This article give a brief summary of the idea of Graphene on sending block data to a single peer that would take less bandwidth.
1 – Introduction
When broadcasting information across the blockchain network, the node has to send the whole block of transactions to its neighbors. As the number of nodes grows more prominent, the message exchanging process can take a lot of bandwidth. Therefore, the need for minimizing the network bandwidth and increasing the network performance among peers in the network for better synchronization is a requirement in the blockchain system.
The goal here is to transmit the least amount of information between the sender and receiver through the network connection.
When the network is utilized optimally, we can increase the block size. Hence, more transactions are processed simultaneously. Besides, we can also reduce the propagation delay in the system, which allows the miners to reach consensus faster. Finally, using less bandwidth means the blockchain system allows greater participants, especially those who have limited network connection speed.
2 – Graphene Protocol
The Graphene protocol solves the problem of sending as little data over the wire by focusing on how to reconcile the set of transactions in the mempool and the newly created block between two peers in the network.

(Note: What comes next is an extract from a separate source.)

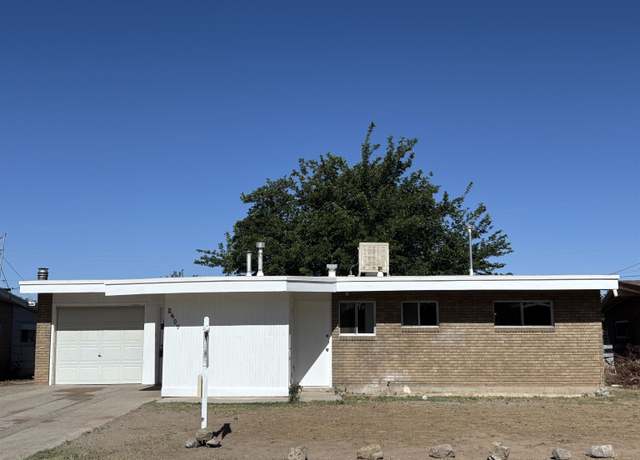 Property at 2409 Tulane Ave, Alamogordo, NM 88310, 3 beds, 1 bath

The main ideas behind the Graphene Protocol can be divided into two scenarios:
- The receiver’s mem-pool contains the all the transactions in the sender’s block (the left figure).
- The receiver’s mem-pool contains parts of the transactions in the sender’s block (the right figure).
As can be seen in the above figure, in the first scenario, the goal will be finding the transactions present in both the mempool of the receiver and the the block of the sender. While in the second scenario, we will also have to find the missing transactions in the receiver’s mempool. From this information, the receiver will reconstruct the whole block of transactions.
The Graphene Protocol is the combination of the two probabilistic data structures:
- Bloom Filters (BFs)
- Invertible Bloom Lookup Tables (IBLTs)
Bloom Filters is effectively used to test the set membership of an item. In the Bloom Filters, there can be two different outcomes when testing a membership of an item:
- The item return a negative result: the item is a True Negative and it does not exist in the set
- The item return a positive result: the item can either be a True Positive or False Positive. Hence, it is not confirmable whether it exists in the set
(The False Positive Rate of Bloom Filters is tunable. It depends on the size of the Bloom Filters – the number of bits used to represent the data structure)
Invertible Bloom Lookup Tables
Invertible Bloom Lookup Tables are generalization of Bloom Filters. The IBLTs subtraction provides the differences between two set. If the subtraction recovers the entire symmetric differences, then we say that the subtraction decoded.
The Graphene Protocol uses:
- Bloom Filter to reduce the symmetric between block and mempool
- IBLT to recover from the small error in the Bloom Filter (False Positives)
Let have a look at the first scenario where the receiver’s mempool contain the entire block.
First of all, the sender in this case will send two things to the receiver:
- The Bloom Filter of the transaction in the block – Bloom Filter S
- The IBLT of the transaction in the block – IBLT I
On receiving the Bloom Filter S, the receiver will test the membership of all the transactions in the mempool to pick out the ones that are probably present in the block. As the characteristics of the Bloom Filters, there will be False Positives. The receiver will then compute the IBLT from the positive transactions when applying the Bloom Filter on the mempool.
Finally, based on the subtraction between the two IBLTs, the receiver can retrieve which transactions are the true positives and which ones are false positives to reconstruct the block from the sender.
Now, moving on to the second scenario where the receiver’s mempool contains only parts of the sender’s blocks. There are missing transactions.
The sender and the receiver will repeat the same protocol as in the first scenario. The sender will also send the Bloom Filter S and the IBLT I of the transactions in the block. The receiver will apply the Bloom Filter on the mempool and compute the IBLT I’ from the positive transactions. However, this time, the subtraction between I and I’ cannot be decoded (cannot recover the entire symmetric differences).
As the result, the receiver will now compute the Bloom Filter R of the positive transactions received from the Bloom Filter S. The receiver sends R to the sender.
The sender applies the Bloom Filter R on the transactions in the blocks. The result from this will show which transactions are in the mempool of S and which transactions are not (the missing ones). Nevertheless, there are still False Positive ones. To get rid of the FPs, the sender computes the IBLT J of the transactions from the block.
The sender sends over to the receiver:
- IBLT J
- True Negative results when applying Bloom Filter R
The receiver compute the IBLT J’ from:
- True Negative results sent from the sender
- Positives (TP + FP) result when applying Bloom Filter S
The subtraction between IBLT J and IBLT J’ can be decoded. Based on that, the receiver now can reconstruct the original block.
3 – Conclusion
Graphene Protocol utilizes two probabilistic data structures to reduce the amount of data that need to be sent over the network. There can be two scenarios where the mempool of the receiver contains the entire block or only a part of the block. The Graphene Protocol reduces the bandwidth usage comparing with other methods.